Recent Studies in Behavioral Finance

Most people in the field of finance assume that people act rationally. But research and life experience suggest otherwise, at least some of the time. What are some recent research findings on how our hearts cloud our heads? How can we minimize the irrational parts of our decision making in finance?

By Mark D. Harris

Introduction

The Efficient Markets Hypothesis (EMH) suggests that all the available information about a publicly traded company that is pertinent to investing in that company is contained in the stock price at any point in time (Vasileiou, 2020). Insofar as this is true, investors are rational actors who make investment decisions solely on rational grounds. However, company stock prices sometimes are higher or lower than one would expect based on purely objective valuations. This fact suggests that something besides rationality is present in company stock prices.

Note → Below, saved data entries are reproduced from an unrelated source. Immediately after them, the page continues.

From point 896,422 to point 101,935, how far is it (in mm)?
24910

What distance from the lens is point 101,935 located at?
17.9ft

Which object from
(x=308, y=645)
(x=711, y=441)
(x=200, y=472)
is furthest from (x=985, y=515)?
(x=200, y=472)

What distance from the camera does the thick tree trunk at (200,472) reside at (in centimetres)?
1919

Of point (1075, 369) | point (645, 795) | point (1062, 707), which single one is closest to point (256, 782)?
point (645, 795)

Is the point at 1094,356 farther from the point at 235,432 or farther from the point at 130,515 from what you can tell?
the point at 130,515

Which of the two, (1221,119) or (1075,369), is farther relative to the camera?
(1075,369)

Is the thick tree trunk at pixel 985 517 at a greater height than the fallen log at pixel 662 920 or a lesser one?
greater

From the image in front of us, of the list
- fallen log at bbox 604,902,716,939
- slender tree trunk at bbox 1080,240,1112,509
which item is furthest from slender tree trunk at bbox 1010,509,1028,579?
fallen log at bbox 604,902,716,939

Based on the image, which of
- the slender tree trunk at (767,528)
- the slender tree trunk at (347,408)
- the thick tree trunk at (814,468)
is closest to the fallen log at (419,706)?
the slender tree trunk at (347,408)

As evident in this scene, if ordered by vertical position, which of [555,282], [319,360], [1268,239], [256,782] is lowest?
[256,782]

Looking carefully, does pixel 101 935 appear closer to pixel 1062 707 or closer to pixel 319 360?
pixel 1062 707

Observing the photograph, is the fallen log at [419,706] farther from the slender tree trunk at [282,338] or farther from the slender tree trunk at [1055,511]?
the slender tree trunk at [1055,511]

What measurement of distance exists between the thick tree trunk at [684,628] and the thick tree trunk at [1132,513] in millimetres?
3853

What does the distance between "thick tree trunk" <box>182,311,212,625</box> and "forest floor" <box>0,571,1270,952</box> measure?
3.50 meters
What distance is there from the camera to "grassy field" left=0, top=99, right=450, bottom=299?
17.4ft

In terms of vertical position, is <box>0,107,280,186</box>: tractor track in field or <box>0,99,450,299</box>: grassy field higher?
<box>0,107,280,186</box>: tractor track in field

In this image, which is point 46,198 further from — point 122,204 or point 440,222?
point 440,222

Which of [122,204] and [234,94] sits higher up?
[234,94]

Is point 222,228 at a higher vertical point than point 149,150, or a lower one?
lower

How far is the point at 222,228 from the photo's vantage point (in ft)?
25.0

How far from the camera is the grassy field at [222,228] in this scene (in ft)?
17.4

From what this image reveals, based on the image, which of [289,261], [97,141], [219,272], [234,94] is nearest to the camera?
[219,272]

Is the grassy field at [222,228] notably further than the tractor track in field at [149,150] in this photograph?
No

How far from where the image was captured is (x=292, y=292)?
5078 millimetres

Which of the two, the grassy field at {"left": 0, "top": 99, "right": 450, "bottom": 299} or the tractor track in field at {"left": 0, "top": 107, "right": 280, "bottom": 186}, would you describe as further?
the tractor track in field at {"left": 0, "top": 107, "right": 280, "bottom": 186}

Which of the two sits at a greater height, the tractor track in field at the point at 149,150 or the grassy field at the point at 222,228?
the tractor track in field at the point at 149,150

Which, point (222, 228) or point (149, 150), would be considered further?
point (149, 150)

To explain market behavior beyond the purely rational, researchers turn to behavioral finance. Growing out of Adam Smith’s Theory of Moral Sentiments, one of behavioral finances’ primary observations is that “investors (and people in general) make decisions on imprecise impressions and beliefs rather than rational analysis.” Further, “the way a question or problem is framed to an investor will influence the decision he/she ultimately makes.” The article concludes, “These two observations largely explain market inefficiencies; that is, behavior finance holds that markets are sometimes inefficient because people are not mathematical equations” (Behavioral finance, 2019).

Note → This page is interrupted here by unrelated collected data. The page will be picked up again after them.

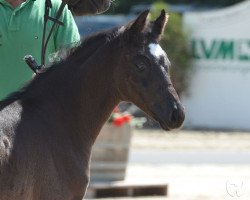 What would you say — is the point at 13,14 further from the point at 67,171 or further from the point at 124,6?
the point at 124,6

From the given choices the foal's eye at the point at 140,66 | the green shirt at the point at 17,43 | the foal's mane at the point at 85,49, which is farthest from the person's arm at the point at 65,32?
the foal's eye at the point at 140,66

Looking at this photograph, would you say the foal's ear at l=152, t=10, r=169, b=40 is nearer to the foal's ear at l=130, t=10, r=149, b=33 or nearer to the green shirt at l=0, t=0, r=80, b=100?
the foal's ear at l=130, t=10, r=149, b=33

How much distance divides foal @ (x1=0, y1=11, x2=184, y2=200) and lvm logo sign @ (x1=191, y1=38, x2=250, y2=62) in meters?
16.7

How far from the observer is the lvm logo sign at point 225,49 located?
21062 millimetres

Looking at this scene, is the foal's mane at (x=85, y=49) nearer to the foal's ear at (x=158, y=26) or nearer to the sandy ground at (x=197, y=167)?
the foal's ear at (x=158, y=26)

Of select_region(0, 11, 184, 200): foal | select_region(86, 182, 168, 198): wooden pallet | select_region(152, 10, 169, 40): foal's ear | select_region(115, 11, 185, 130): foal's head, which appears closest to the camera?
select_region(0, 11, 184, 200): foal

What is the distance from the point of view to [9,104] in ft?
14.5

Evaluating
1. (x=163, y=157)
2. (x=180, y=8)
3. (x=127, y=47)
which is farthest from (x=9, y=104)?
(x=180, y=8)

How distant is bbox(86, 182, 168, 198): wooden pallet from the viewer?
958cm

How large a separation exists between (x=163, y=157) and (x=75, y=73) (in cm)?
1001

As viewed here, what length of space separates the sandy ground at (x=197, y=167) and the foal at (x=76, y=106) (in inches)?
69.4

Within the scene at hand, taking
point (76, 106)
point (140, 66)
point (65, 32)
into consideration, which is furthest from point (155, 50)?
point (65, 32)

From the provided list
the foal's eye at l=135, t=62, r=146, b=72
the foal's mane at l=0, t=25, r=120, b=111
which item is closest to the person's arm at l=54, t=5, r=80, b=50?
the foal's mane at l=0, t=25, r=120, b=111

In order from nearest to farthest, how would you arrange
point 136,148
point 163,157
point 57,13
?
point 57,13 < point 163,157 < point 136,148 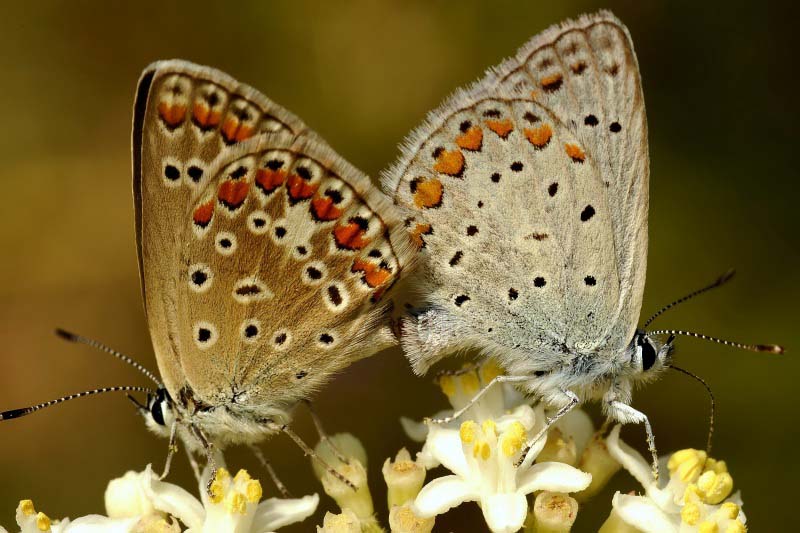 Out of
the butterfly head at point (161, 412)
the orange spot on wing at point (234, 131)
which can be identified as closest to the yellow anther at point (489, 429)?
the butterfly head at point (161, 412)

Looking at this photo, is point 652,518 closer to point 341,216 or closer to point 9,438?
point 341,216

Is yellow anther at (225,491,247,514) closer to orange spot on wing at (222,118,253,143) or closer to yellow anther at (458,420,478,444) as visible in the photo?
yellow anther at (458,420,478,444)

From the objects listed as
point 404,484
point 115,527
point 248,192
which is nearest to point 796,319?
point 404,484

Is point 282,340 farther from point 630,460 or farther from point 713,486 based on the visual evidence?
point 713,486

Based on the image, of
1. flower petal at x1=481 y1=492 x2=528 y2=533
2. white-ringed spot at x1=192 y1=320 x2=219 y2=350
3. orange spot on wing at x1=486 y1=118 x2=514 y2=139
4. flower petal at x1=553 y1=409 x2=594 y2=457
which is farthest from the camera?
flower petal at x1=553 y1=409 x2=594 y2=457

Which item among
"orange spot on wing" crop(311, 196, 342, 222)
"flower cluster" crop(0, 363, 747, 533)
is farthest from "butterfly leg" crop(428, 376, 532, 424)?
"orange spot on wing" crop(311, 196, 342, 222)

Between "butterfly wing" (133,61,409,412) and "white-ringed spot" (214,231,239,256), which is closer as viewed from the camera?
"butterfly wing" (133,61,409,412) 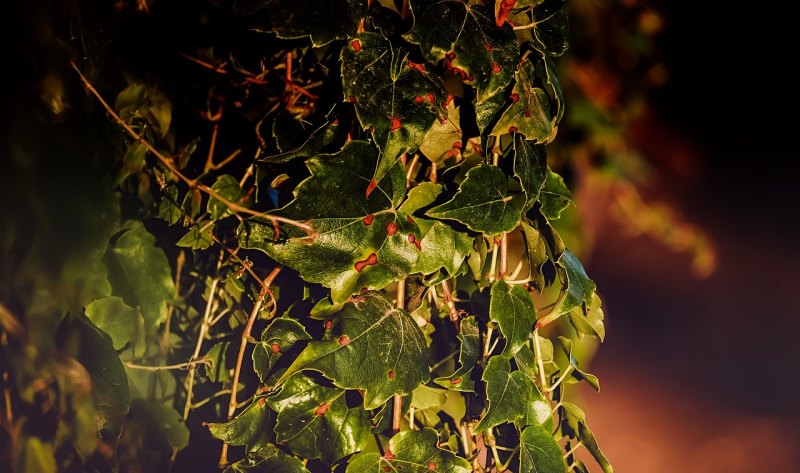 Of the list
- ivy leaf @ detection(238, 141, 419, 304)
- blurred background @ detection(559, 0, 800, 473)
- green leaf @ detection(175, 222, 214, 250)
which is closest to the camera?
ivy leaf @ detection(238, 141, 419, 304)

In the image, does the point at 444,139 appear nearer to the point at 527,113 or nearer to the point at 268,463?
the point at 527,113

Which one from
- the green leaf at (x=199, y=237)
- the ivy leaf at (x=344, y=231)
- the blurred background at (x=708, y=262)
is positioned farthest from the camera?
the blurred background at (x=708, y=262)

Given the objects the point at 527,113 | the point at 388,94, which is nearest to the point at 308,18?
the point at 388,94

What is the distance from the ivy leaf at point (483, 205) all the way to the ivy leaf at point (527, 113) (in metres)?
0.03

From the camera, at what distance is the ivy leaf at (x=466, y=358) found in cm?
46

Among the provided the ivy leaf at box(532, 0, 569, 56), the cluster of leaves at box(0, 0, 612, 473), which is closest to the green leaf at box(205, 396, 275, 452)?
the cluster of leaves at box(0, 0, 612, 473)

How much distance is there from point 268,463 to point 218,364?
0.39 ft

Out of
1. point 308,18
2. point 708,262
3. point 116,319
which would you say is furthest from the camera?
point 708,262

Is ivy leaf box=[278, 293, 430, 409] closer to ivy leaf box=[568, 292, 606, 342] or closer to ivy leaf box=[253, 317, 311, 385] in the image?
ivy leaf box=[253, 317, 311, 385]

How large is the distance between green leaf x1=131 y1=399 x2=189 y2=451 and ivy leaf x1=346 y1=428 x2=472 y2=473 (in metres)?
0.18

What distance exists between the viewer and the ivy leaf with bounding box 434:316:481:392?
1.52 feet

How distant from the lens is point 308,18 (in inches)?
15.4

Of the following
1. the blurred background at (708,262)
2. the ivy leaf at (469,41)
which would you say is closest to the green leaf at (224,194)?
the ivy leaf at (469,41)

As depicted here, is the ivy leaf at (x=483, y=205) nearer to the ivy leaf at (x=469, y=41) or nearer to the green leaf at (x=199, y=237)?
the ivy leaf at (x=469, y=41) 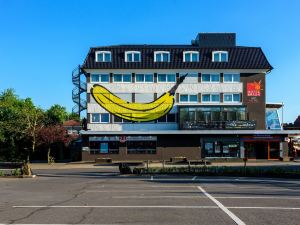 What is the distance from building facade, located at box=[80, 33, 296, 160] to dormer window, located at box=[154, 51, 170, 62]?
4.4 inches

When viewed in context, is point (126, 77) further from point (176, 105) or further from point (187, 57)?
point (187, 57)

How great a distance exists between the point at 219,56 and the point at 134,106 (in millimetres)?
11186

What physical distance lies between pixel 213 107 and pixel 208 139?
12.0 ft

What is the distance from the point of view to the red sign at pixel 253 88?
2309 inches

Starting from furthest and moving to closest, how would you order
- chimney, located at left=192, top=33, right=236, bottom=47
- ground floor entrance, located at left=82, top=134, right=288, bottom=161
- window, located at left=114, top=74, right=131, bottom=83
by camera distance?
chimney, located at left=192, top=33, right=236, bottom=47 < window, located at left=114, top=74, right=131, bottom=83 < ground floor entrance, located at left=82, top=134, right=288, bottom=161

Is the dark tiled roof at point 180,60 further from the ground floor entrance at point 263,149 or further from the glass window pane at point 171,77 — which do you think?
the ground floor entrance at point 263,149

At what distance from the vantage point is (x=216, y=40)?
62188 millimetres

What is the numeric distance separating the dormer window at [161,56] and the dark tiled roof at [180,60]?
43 centimetres

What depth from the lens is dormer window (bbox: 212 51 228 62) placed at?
58.8 metres

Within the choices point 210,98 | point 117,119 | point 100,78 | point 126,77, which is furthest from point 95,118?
point 210,98

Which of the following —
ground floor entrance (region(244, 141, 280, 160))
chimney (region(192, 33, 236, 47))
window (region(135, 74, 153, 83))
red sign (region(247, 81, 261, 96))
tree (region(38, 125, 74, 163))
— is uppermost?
chimney (region(192, 33, 236, 47))

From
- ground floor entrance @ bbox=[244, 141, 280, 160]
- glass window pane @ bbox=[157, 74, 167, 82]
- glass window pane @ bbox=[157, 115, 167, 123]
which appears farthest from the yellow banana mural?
ground floor entrance @ bbox=[244, 141, 280, 160]

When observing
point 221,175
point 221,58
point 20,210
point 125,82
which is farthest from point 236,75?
point 20,210

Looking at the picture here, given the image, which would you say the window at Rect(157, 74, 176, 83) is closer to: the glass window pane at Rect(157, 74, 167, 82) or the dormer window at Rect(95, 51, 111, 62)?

Investment irrationality has been present in all areas of life for millennia. In the early 17th century, shortly after investing in futures became possible, investors in Europe began dumping money into the latest craze… Dutch tulips. A bubble developed. Fortunes were made and fortunes were lost. The South Sea Bubble (1720), the Mississippi company (1720), the Tech Crisis (2000), and the Subprime Mortgage Recession (2008) were later bubbles formed by “irrational exuberance,” to use Alan Greenspan’s famous phrase (Federal Reserve, 2018).

Using the tools of modern psychology, medicine, and finance, researchers in behavioral finance have tried to identify what causes irrational actions in finance, and how to address them. Human cognitive biases play a role, such as the following from the Corporate Finance Institute (Cognitive Bias – Examples, List of Top 10 Types of Biases, 2019).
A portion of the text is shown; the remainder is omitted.